* Brief: Pictures left aside, return the lines below exactly, from the one with "السلام عليكم" to the end, including both ends.

Saved data entries

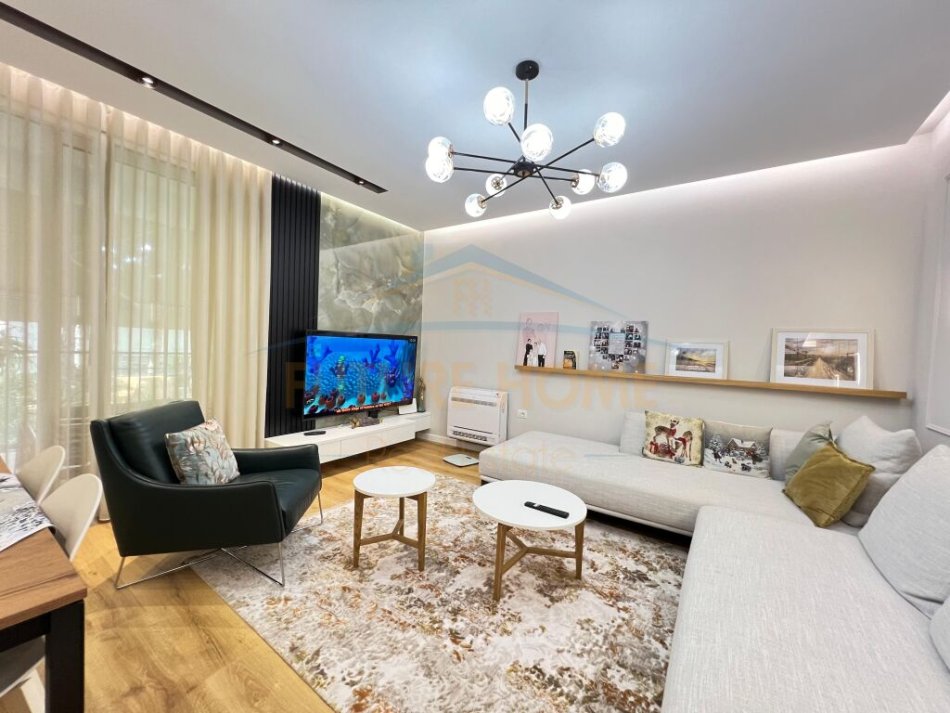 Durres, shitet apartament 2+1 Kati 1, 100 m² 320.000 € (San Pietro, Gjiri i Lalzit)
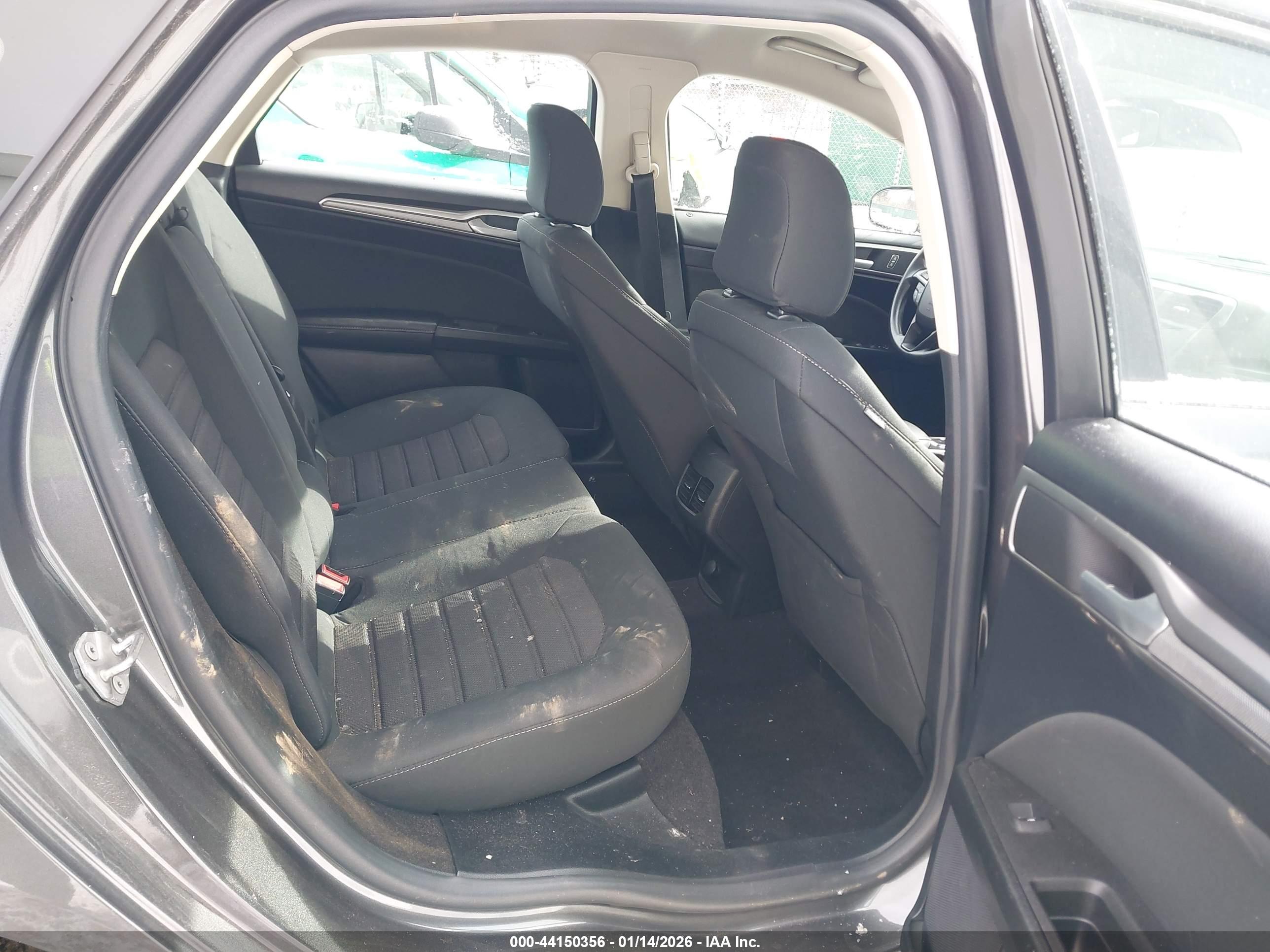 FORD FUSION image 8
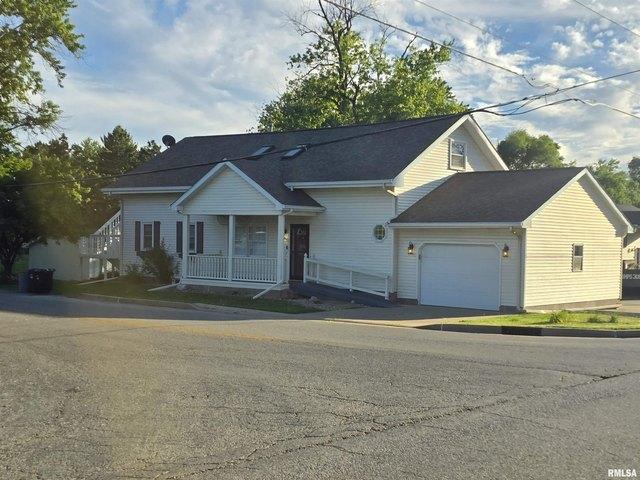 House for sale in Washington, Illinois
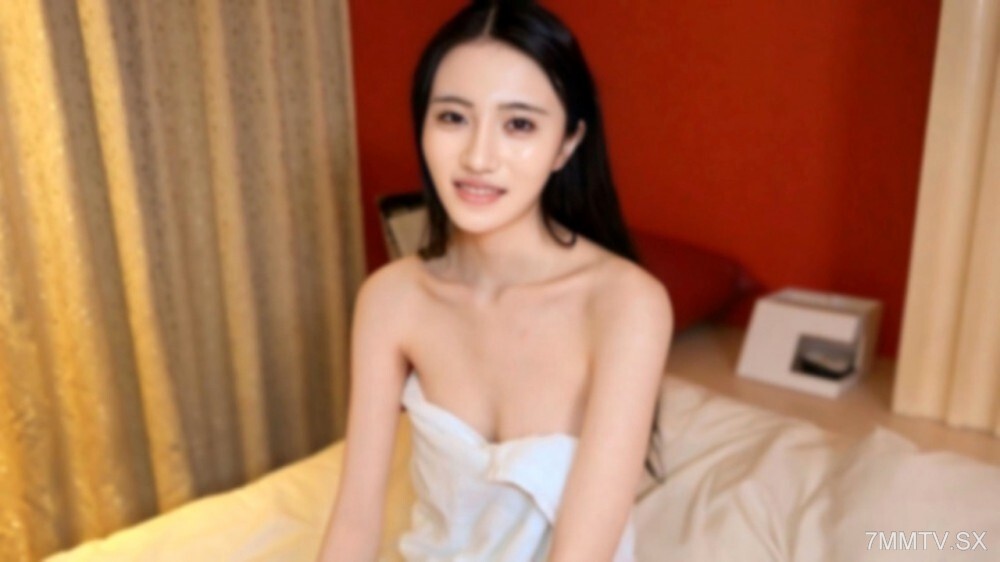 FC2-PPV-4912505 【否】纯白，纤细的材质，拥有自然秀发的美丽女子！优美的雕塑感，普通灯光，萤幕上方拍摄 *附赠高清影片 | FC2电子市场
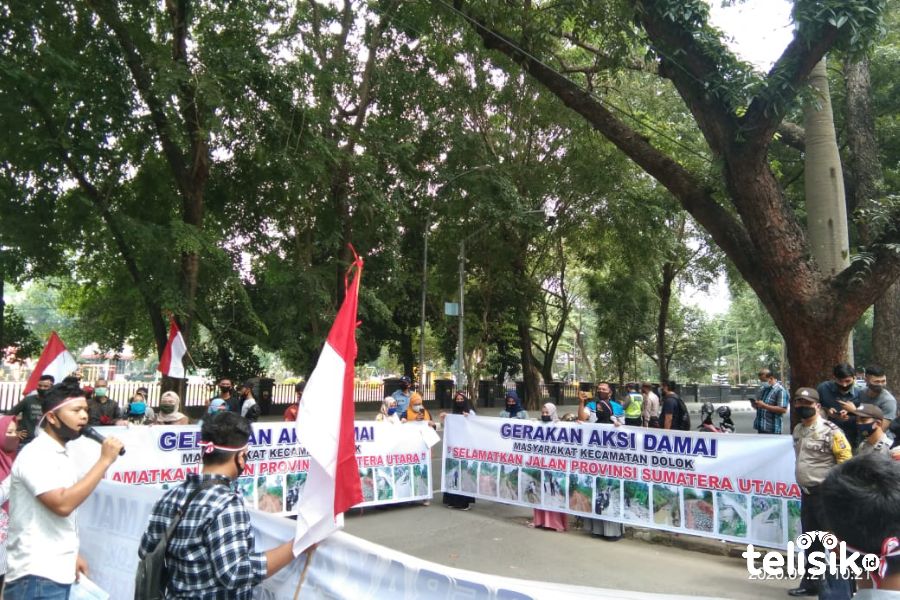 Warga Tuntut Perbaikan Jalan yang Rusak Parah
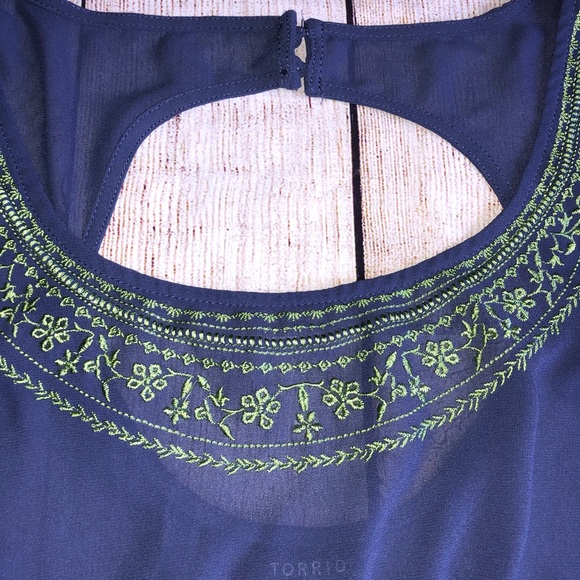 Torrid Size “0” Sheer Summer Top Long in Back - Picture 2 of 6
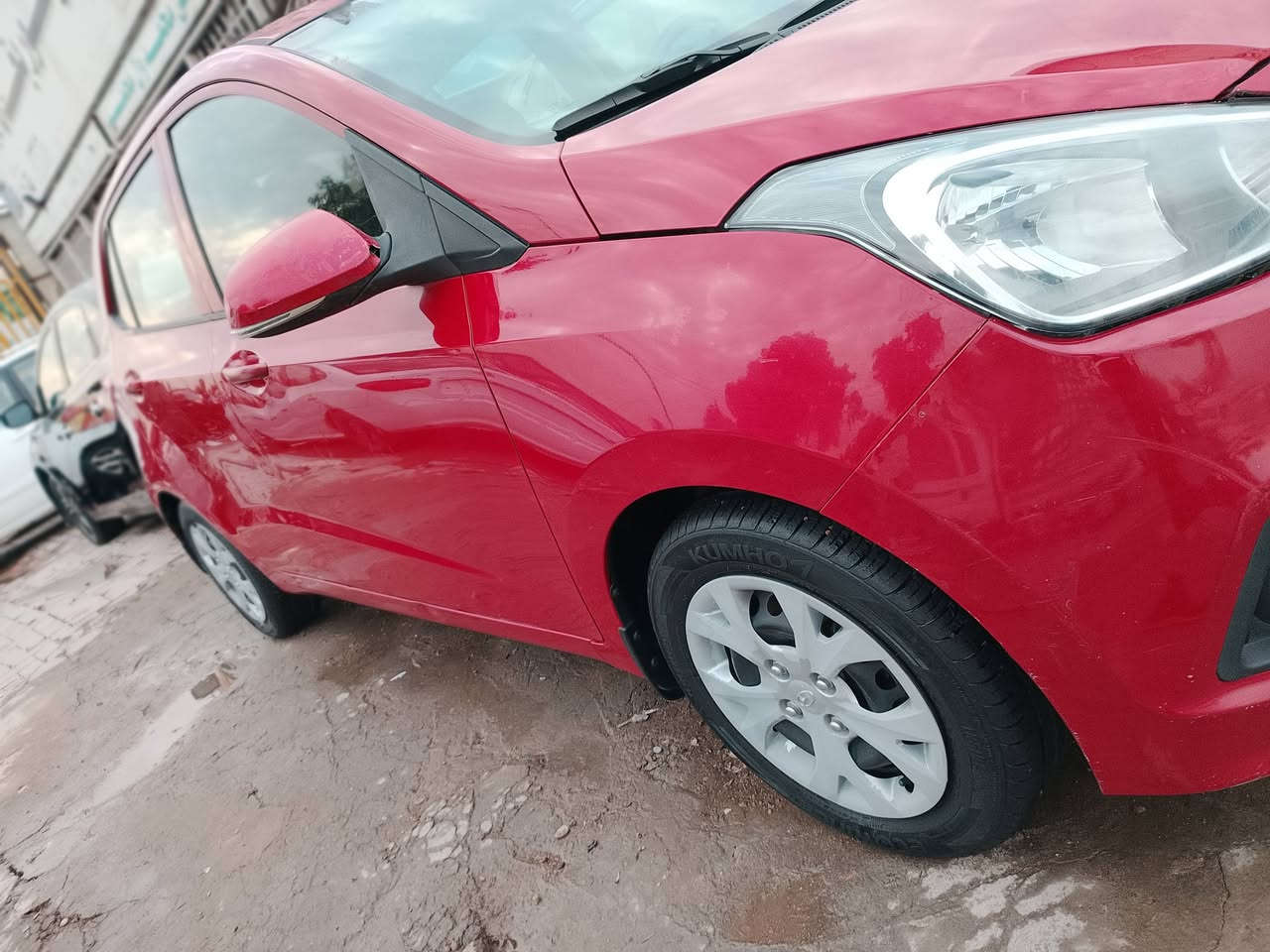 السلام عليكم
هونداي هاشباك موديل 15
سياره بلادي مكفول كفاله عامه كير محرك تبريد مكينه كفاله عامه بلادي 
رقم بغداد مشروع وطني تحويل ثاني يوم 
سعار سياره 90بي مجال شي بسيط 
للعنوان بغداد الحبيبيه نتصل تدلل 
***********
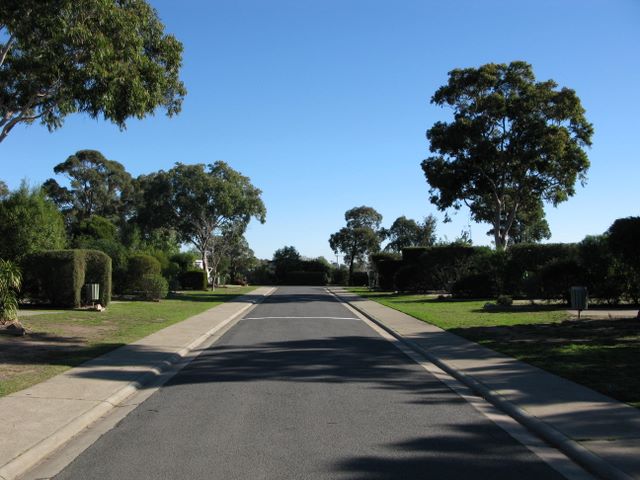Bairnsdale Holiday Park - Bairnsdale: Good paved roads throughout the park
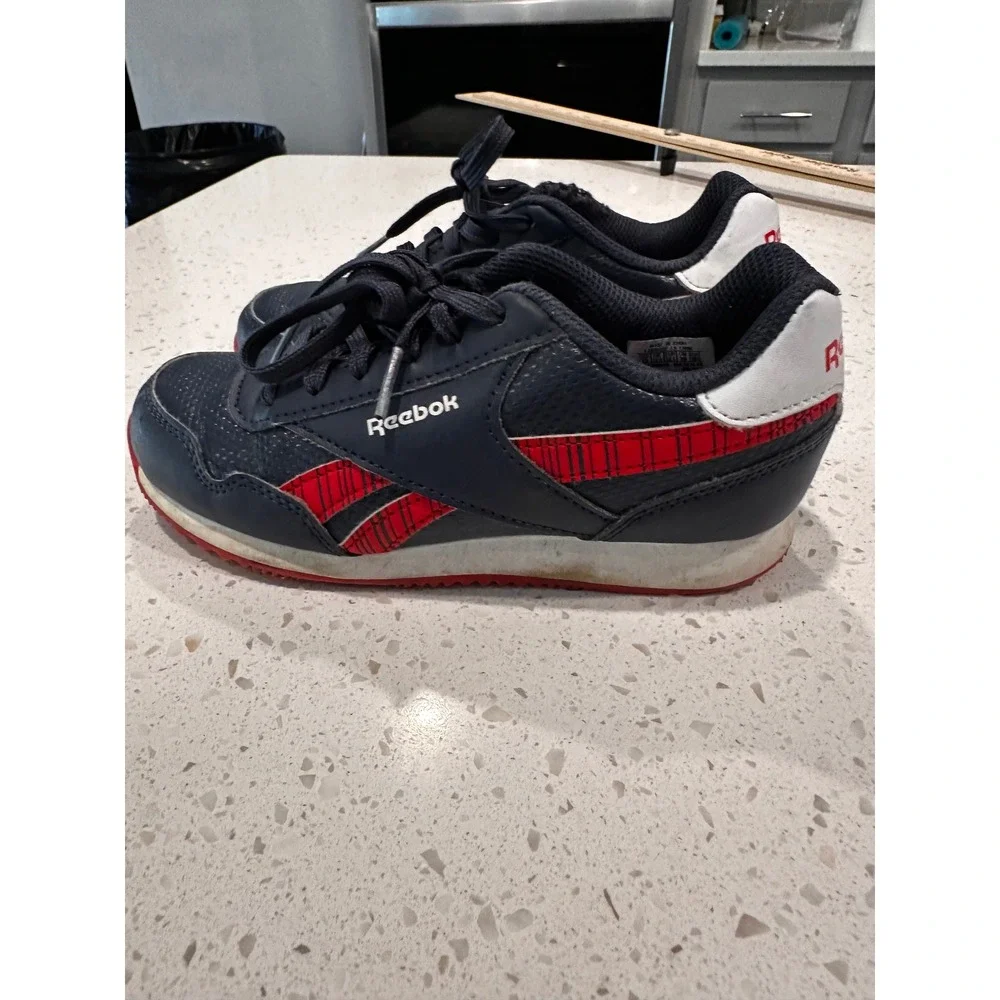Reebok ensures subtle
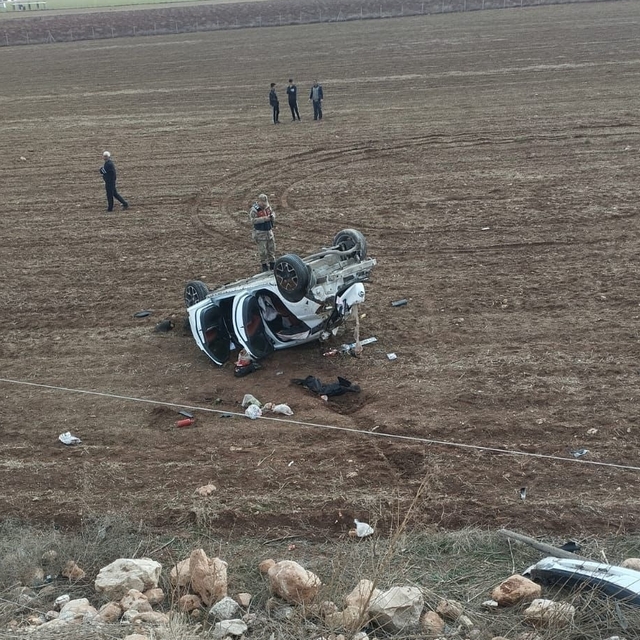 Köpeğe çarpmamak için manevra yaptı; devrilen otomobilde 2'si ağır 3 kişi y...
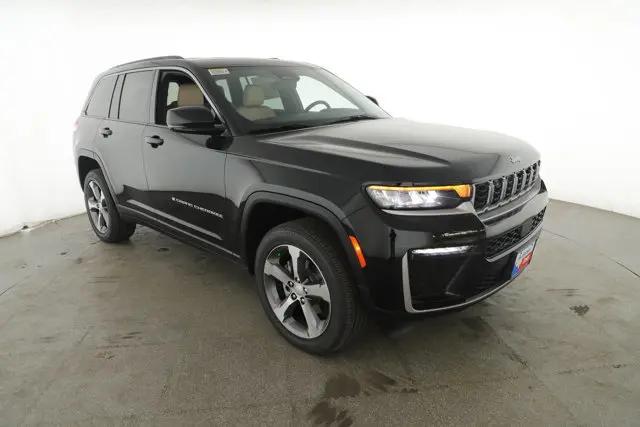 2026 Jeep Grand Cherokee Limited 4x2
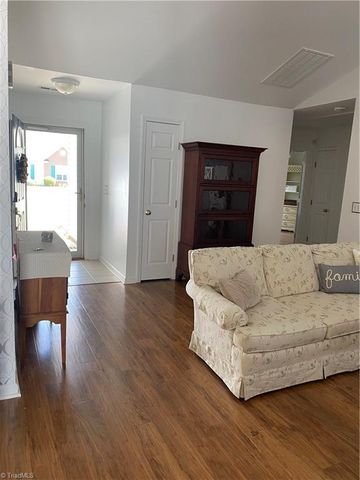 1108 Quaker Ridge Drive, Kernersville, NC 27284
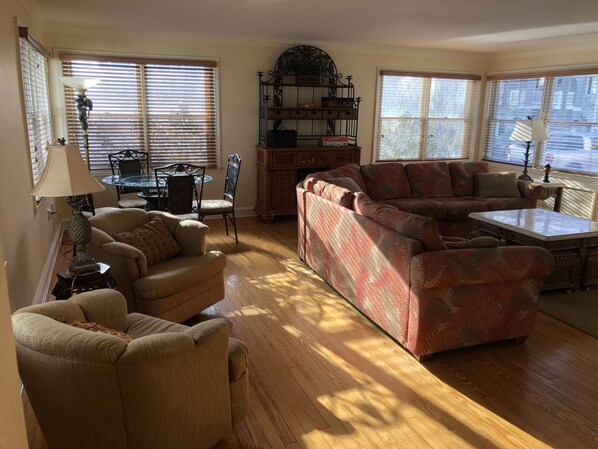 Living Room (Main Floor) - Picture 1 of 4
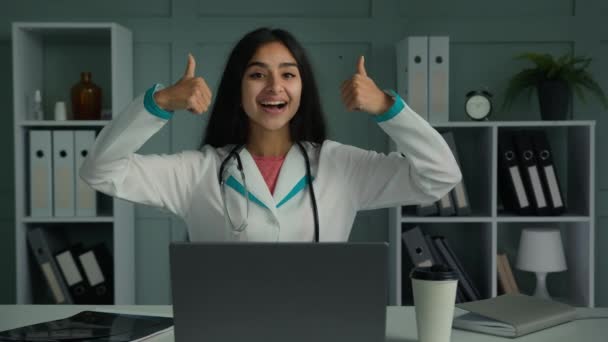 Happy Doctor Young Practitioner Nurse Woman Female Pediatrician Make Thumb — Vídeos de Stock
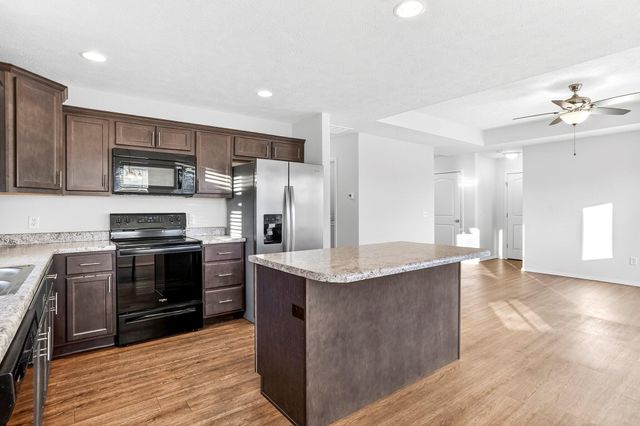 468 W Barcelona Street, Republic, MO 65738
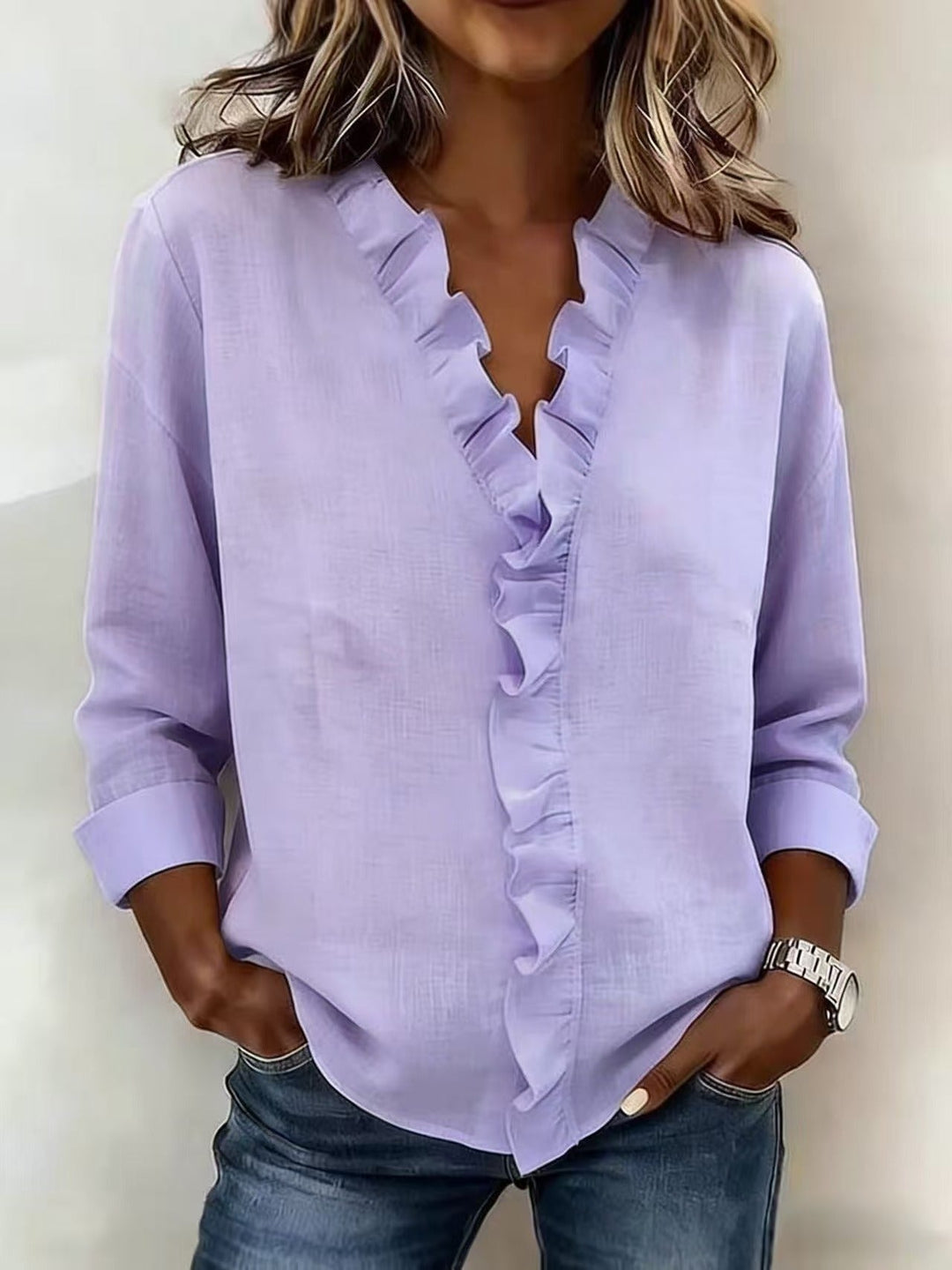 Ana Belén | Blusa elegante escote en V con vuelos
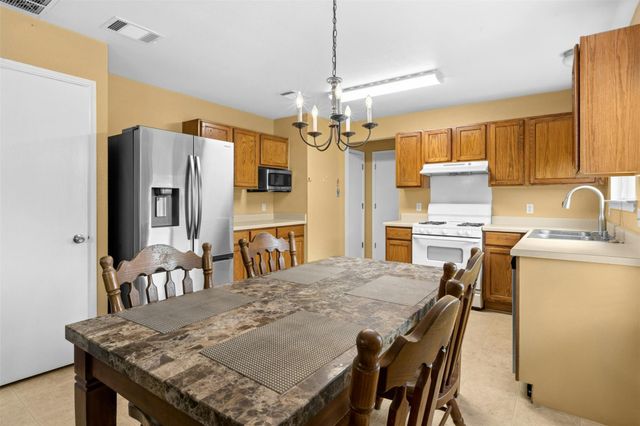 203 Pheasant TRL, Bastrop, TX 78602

* Task answer:
 السلام عليكم
هونداي هاشباك موديل 15
سياره بلادي مكفول كفاله عامه كير محرك تبريد مكينه كفاله عامه بلادي 
رقم بغداد مشروع وطني تحويل ثاني يوم 
سعار سياره 90بي مجال شي بسيط 
للعنوان بغداد الحبيبيه نتصل تدلل 
***********
Bairnsdale Holiday Park - Bairnsdale: Good paved roads throughout the park
Reebok ensures subtle
 Köpeğe çarpmamak için manevra yaptı; devrilen otomobilde 2'si ağır 3 kişi y...
 2026 Jeep Grand Cherokee Limited 4x2
 1108 Quaker Ridge Drive, Kernersville, NC 27284
 Living Room (Main Floor) - Picture 1 of 4
 Happy Doctor Young Practitioner Nurse Woman Female Pediatrician Make Thumb — Vídeos de Stock
 468 W Barcelona Street, Republic, MO 65738
 Ana Belén | Blusa elegante escote en V con vuelos
 203 Pheasant TRL, Bastrop, TX 78602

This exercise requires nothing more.